(Exercise brief):
In the data below, find the line containing "Thewardroberefresh.shopafd544491d 2"; transcribe it and each line after it exactly, through the last, skipping pictures.

(Data supplied):
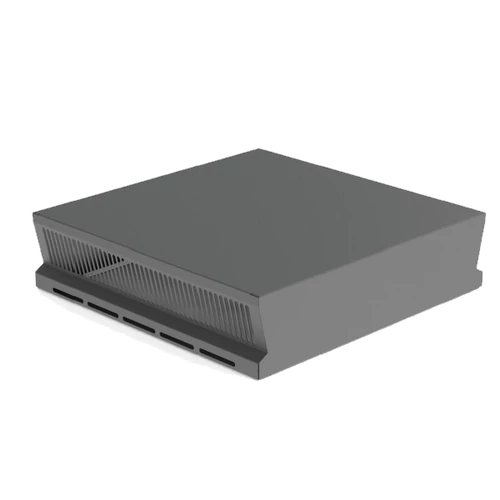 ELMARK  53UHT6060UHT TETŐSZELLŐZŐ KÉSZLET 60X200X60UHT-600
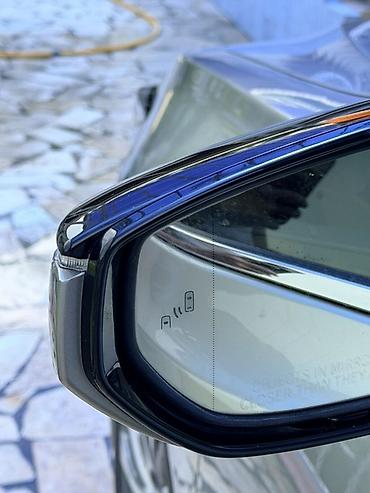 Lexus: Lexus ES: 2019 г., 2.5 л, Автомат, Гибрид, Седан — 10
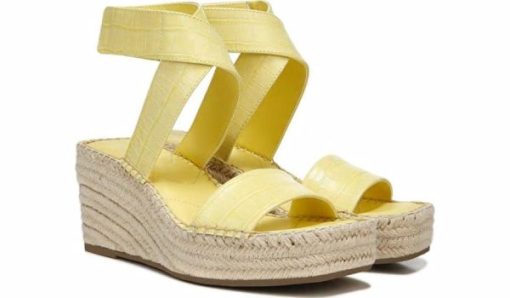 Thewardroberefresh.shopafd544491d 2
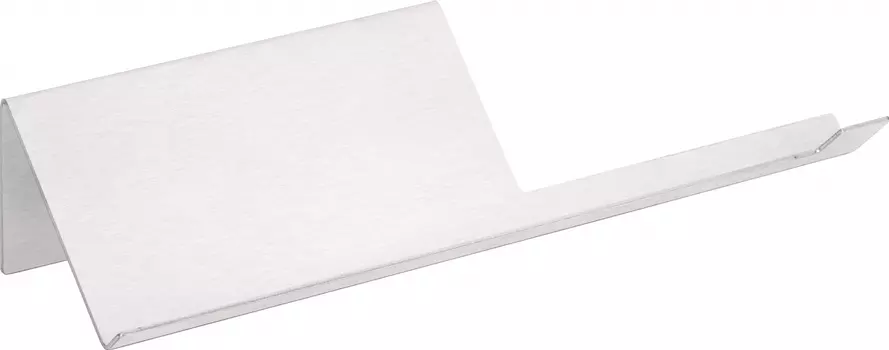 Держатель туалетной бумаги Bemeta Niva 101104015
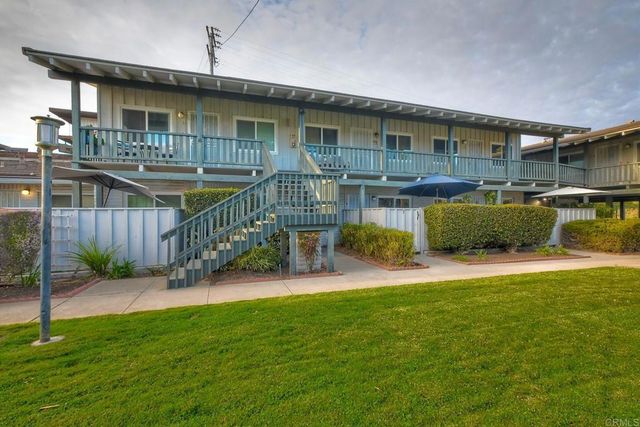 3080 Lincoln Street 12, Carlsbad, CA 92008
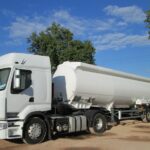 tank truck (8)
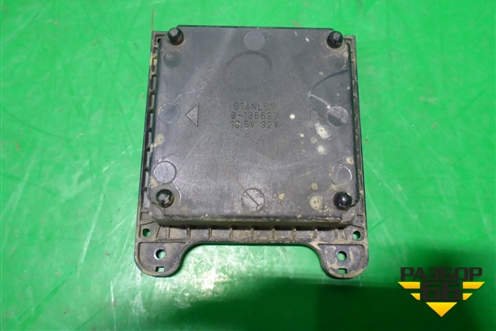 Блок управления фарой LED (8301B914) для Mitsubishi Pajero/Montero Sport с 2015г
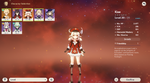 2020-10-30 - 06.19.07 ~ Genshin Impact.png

(Solution for this exercise):
 Thewardroberefresh.shopafd544491d 2
 Держатель туалетной бумаги Bemeta Niva 101104015
 3080 Lincoln Street 12, Carlsbad, CA 92008
 tank truck (8)
 Блок управления фарой LED (8301B914) для Mitsubishi Pajero/Montero Sport с 2015г
 2020-10-30 - 06.19.07 ~ Genshin Impact.png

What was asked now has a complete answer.